▸ Aim of the exercise
Starting at the line with "HARRIER 2WD" and ending at the line with "#4 episode artwork", print exactly the lines of the entries below. Pictures do not belong in the copy.

▸ Data provided
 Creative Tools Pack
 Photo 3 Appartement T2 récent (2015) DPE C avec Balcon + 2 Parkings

==

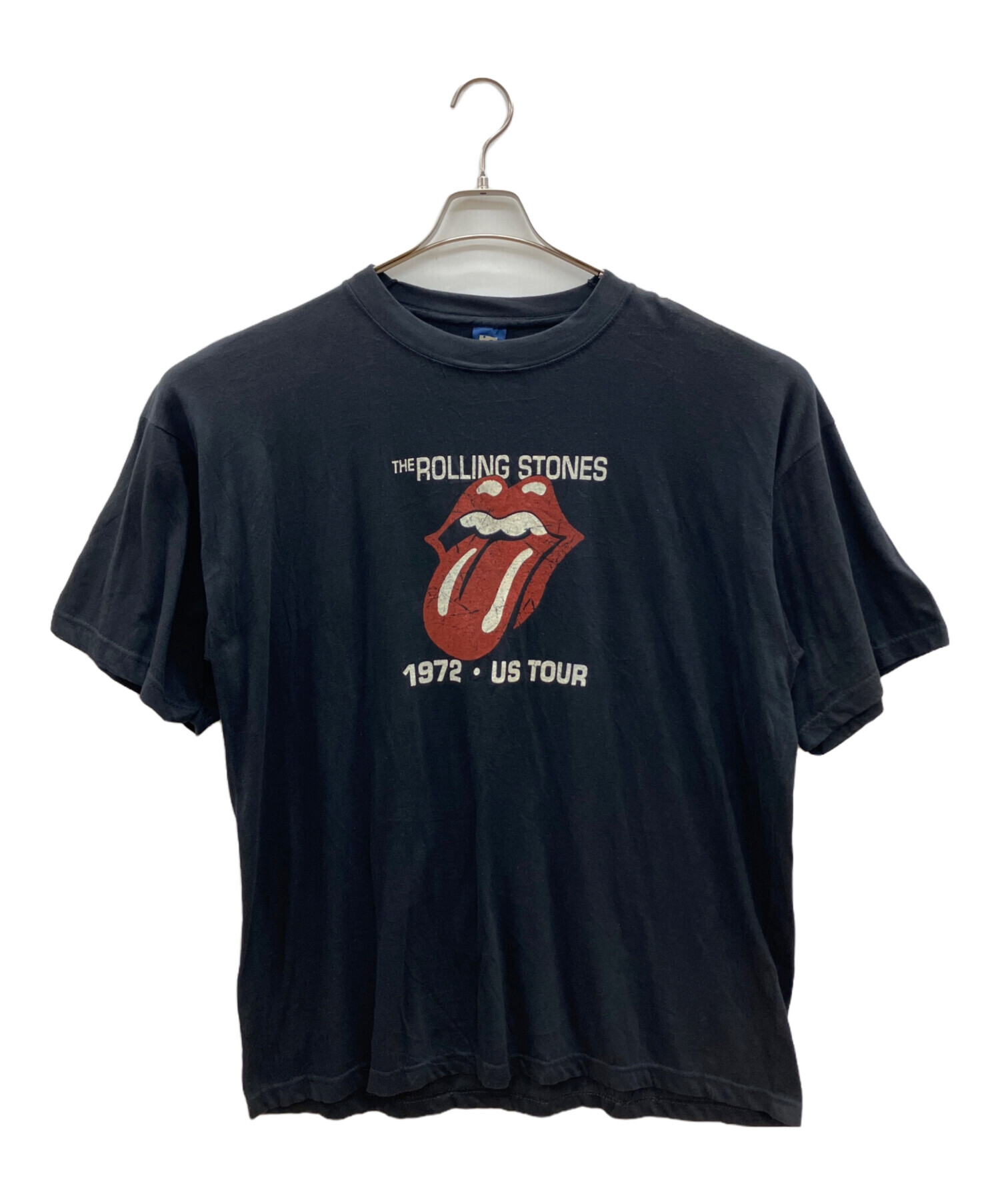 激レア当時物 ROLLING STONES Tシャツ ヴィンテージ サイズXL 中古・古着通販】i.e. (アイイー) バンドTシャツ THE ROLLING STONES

---

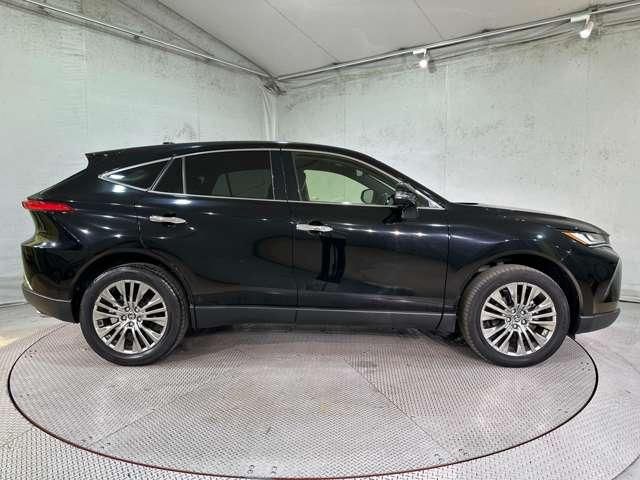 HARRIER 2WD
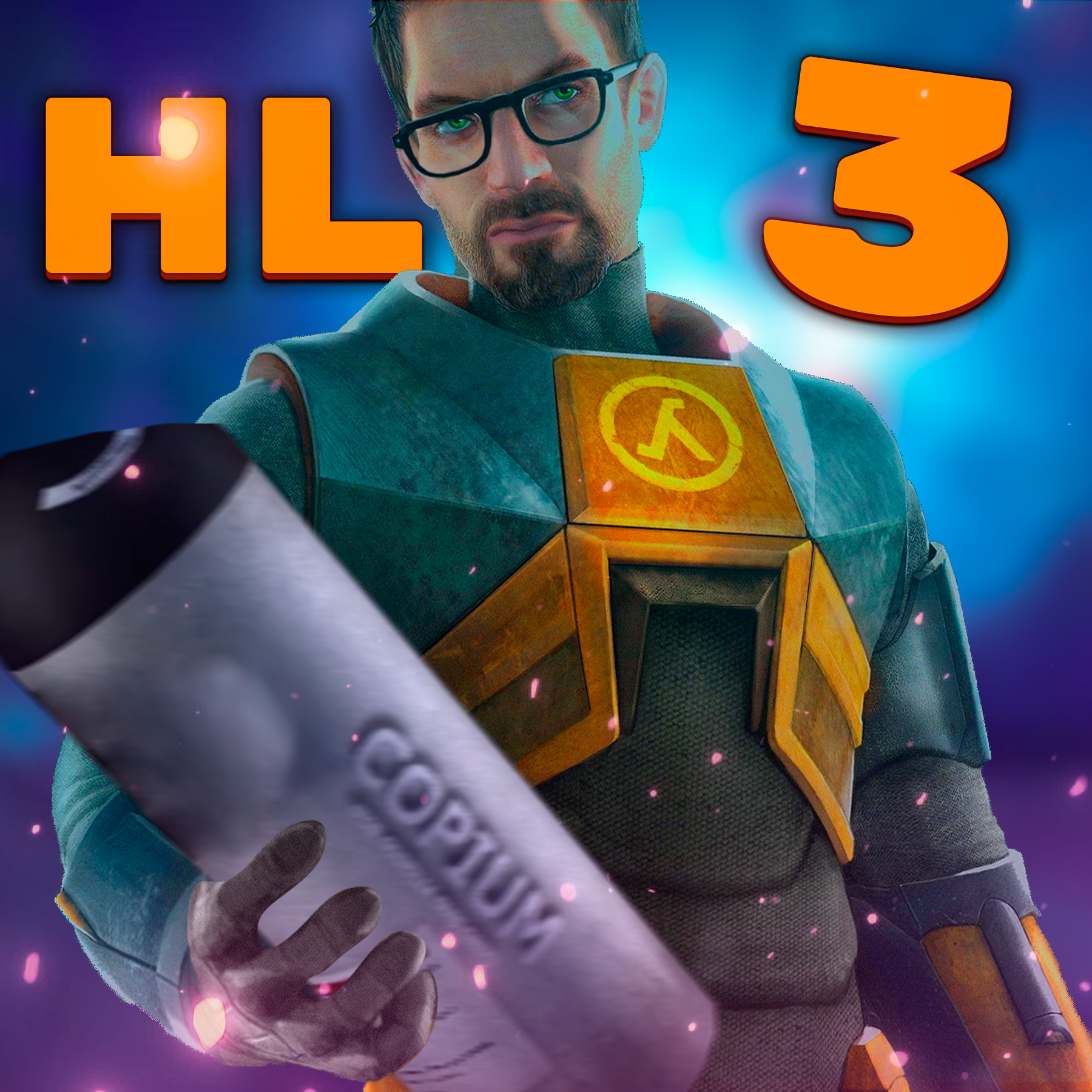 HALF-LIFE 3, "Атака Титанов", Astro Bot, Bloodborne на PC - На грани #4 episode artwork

▸ The answer
 HARRIER 2WD
 HALF-LIFE 3, "Атака Титанов", Astro Bot, Bloodborne на PC - На грани #4 episode artwork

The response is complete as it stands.